**Data excerpt**:
--- START ---
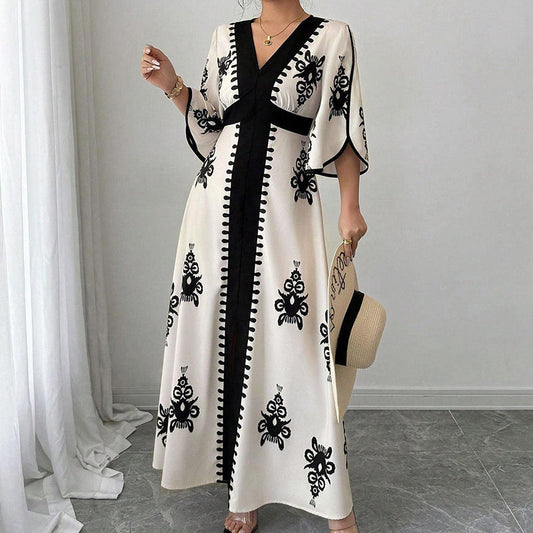 👗Elegant maxi-kjole med V-hals og mønster for kvinner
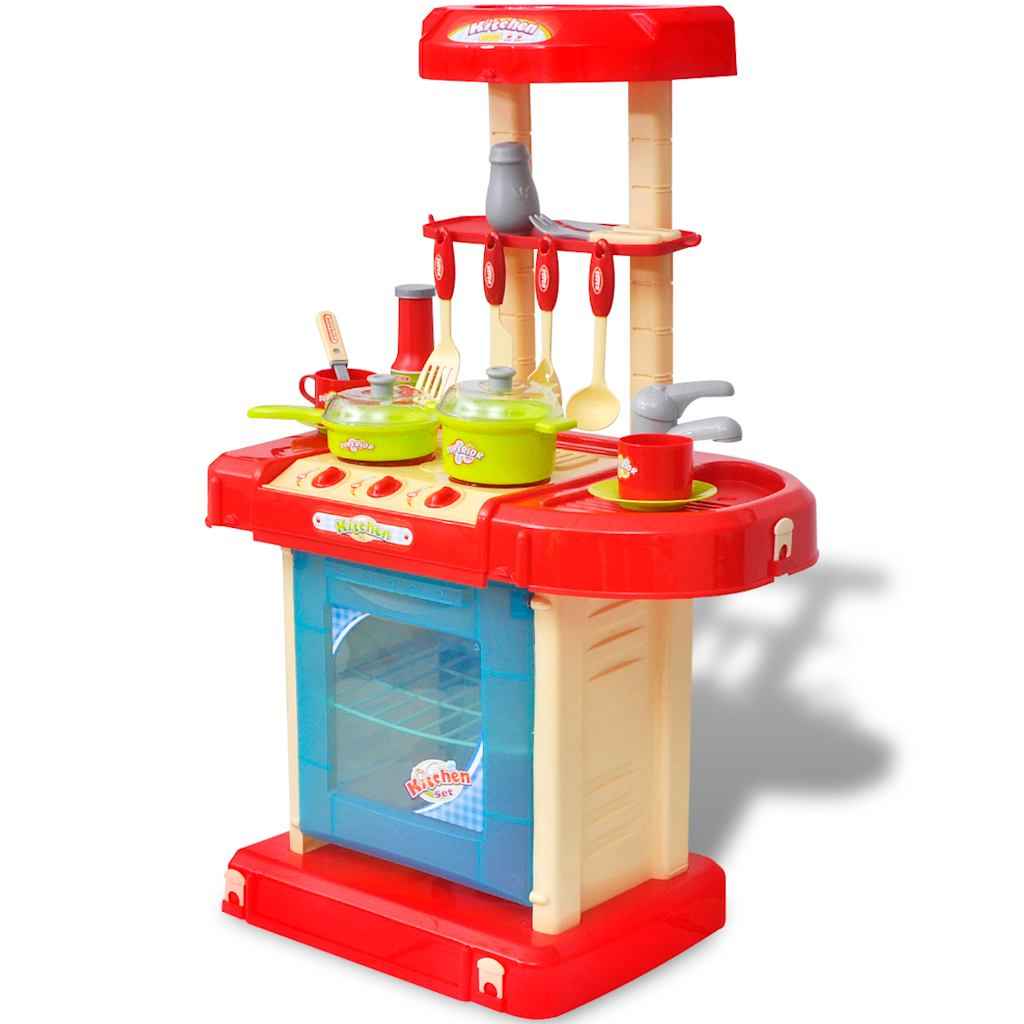vidaXL Kinderspeelkeuken met licht- en geluidseffecten roze
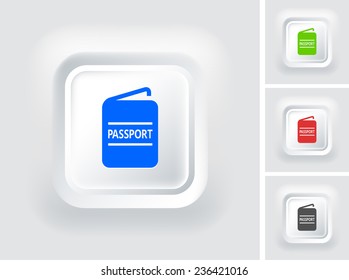 Passport on White Bevel Square Button
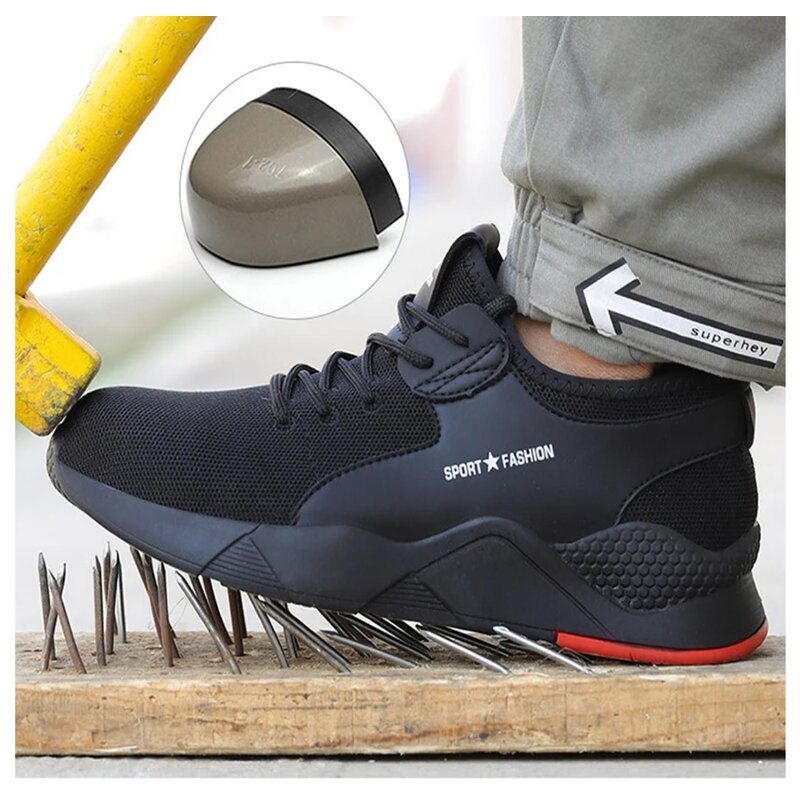 Steel Toe Safety Shoes Factory - OEM Black Lightweight Men's Casual Anti-Puncture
--- END ---
**Work to be completed**: Write out the listing above exactly as it stands, pictures excluded.

**Output for this task**:
 👗Elegant maxi-kjole med V-hals og mønster for kvinner
vidaXL Kinderspeelkeuken met licht- en geluidseffecten roze
 Passport on White Bevel Square Button
 Steel Toe Safety Shoes Factory - OEM Black Lightweight Men's Casual Anti-Puncture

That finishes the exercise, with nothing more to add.